[BUG]
With my local branch to enable bs > ps support for btrfs, sometimes I
hit the following ASSERT() inside submit_one_sector():
ASSERT(block_start != EXTENT_MAP_HOLE);
Please note that it's not yet possible to hit this ASSERT() in the wild
yet, as it requires btrfs bs > ps support, which is not even in the
development branch.
But on the other hand, there is also a very low chance to hit above
ASSERT() with bs < ps cases, so this is an existing bug affect not only
the incoming bs > ps support but also the existing bs < ps support.
[CAUSE]
Firstly that ASSERT() means we're trying to submit a dirty block but
without a real extent map nor ordered extent map backing it.
Furthermore with extra debugging, the folio triggering such ASSERT() is
always larger than the fs block size in my bs > ps case.

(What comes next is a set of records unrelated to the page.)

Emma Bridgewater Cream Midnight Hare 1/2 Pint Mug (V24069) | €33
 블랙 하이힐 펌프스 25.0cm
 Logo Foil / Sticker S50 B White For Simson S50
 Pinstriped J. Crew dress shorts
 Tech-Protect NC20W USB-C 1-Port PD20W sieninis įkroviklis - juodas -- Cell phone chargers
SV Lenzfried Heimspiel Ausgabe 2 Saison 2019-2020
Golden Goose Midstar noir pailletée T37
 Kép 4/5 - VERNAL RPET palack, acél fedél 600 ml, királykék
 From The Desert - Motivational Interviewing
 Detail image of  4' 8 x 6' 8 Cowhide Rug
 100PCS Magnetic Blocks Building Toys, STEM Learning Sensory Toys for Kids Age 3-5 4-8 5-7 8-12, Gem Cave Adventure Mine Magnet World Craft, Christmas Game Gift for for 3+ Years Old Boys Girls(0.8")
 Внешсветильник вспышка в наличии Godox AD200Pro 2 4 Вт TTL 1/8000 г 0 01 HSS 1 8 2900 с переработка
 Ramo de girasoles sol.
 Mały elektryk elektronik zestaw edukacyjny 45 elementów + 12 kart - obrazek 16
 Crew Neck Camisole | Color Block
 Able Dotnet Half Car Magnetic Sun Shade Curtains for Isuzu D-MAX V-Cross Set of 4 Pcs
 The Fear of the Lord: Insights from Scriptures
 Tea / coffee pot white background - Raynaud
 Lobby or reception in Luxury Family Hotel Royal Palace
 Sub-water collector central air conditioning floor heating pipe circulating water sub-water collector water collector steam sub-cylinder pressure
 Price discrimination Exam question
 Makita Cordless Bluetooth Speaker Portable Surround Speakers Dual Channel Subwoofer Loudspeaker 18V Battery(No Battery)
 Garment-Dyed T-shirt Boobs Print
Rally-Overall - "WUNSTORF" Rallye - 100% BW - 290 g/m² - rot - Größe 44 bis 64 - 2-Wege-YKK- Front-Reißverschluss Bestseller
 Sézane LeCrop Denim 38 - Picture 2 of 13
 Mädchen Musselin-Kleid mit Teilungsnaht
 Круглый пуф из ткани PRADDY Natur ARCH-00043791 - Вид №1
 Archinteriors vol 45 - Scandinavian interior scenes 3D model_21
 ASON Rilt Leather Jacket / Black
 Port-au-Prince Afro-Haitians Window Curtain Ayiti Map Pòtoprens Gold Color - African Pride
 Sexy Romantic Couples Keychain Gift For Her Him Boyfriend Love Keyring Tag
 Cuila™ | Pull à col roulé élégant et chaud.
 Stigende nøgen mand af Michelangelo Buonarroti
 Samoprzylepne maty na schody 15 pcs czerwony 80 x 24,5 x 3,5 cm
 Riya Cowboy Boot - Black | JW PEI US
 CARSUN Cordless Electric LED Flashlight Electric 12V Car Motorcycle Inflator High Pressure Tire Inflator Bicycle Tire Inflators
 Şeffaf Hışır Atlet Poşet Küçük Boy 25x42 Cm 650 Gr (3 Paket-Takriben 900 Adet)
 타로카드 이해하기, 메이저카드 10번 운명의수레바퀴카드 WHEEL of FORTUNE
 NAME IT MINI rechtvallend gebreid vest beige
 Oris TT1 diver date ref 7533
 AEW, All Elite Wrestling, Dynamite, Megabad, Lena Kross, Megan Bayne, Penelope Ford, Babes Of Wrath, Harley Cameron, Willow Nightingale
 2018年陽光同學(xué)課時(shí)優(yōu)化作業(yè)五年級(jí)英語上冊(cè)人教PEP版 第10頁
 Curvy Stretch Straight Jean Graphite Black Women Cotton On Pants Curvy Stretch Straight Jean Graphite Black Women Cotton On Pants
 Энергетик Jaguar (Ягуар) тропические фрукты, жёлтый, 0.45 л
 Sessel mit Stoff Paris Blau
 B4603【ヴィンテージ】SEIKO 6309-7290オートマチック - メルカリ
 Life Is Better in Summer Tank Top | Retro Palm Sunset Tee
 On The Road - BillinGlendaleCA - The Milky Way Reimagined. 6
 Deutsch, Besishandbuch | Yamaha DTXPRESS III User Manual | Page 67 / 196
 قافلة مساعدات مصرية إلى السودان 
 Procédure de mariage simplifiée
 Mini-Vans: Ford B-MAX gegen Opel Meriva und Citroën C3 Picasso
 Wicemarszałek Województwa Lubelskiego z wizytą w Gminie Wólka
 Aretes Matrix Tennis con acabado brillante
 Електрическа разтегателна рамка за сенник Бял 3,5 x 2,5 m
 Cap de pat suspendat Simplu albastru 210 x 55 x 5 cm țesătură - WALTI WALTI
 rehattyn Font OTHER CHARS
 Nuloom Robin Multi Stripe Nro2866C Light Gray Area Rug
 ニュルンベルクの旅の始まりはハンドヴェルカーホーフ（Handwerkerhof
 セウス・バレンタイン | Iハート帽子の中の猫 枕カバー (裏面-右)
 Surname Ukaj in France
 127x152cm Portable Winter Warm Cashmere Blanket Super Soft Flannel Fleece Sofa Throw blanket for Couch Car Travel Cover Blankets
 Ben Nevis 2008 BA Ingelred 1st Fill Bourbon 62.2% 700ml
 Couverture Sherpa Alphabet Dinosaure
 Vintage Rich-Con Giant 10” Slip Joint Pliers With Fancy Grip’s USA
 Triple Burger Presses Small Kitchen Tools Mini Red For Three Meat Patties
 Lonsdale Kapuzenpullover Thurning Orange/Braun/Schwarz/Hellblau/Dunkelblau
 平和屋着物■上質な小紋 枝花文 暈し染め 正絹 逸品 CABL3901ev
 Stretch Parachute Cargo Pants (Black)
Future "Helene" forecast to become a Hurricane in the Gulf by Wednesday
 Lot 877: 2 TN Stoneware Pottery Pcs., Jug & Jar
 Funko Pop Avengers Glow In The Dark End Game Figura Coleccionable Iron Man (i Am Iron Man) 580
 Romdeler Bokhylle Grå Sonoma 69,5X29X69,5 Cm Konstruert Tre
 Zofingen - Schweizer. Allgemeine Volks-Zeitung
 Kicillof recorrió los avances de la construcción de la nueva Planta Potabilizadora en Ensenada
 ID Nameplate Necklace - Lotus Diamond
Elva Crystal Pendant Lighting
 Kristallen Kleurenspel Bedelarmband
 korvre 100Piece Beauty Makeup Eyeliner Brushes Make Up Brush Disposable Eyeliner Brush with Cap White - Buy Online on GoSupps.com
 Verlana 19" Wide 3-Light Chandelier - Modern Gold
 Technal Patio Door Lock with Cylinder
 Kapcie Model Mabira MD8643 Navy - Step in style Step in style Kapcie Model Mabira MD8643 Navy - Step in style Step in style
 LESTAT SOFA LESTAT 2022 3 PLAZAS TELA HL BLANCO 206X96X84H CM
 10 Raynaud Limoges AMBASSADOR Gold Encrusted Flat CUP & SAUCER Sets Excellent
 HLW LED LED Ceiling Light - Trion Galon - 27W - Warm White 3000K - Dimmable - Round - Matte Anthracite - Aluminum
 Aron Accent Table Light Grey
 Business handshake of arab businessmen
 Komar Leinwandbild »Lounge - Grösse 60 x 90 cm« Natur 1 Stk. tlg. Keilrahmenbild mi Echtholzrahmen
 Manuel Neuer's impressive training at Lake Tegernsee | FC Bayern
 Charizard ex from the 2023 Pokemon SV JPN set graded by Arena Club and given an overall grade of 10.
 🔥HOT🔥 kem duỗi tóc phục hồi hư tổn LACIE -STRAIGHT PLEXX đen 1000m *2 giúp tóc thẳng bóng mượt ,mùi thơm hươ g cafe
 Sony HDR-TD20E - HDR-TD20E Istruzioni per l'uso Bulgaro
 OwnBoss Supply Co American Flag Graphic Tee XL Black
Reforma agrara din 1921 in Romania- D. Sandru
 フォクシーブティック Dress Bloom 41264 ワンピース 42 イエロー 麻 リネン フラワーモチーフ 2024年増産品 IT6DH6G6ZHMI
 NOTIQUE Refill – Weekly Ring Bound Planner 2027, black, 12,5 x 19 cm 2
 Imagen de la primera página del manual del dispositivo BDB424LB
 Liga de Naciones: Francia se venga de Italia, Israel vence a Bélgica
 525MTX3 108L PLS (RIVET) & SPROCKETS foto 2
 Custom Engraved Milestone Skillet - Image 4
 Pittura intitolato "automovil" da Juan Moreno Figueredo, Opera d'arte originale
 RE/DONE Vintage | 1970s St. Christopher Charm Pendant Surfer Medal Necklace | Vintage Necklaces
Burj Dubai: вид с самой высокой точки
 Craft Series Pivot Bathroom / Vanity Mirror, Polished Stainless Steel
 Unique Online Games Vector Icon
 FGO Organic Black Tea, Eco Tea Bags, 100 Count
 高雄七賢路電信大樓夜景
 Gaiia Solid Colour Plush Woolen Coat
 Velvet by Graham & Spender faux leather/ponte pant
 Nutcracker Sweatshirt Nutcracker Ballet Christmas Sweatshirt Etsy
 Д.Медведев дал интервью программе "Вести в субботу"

(8K block size, 4K page size)
After some more debugging, the ASSERT() is trigger by the following
sequence:
extent_writepage()
| We got a 32K folio (4 fs blocks) at file offset 0, and the fs block
| size is 8K, page size is 4K.
| And there is another 8K folio at file offset 32K, which is also
| dirty.
| So the filemap layout looks like the following:
|
| "||" is the filio boundary in the filemap.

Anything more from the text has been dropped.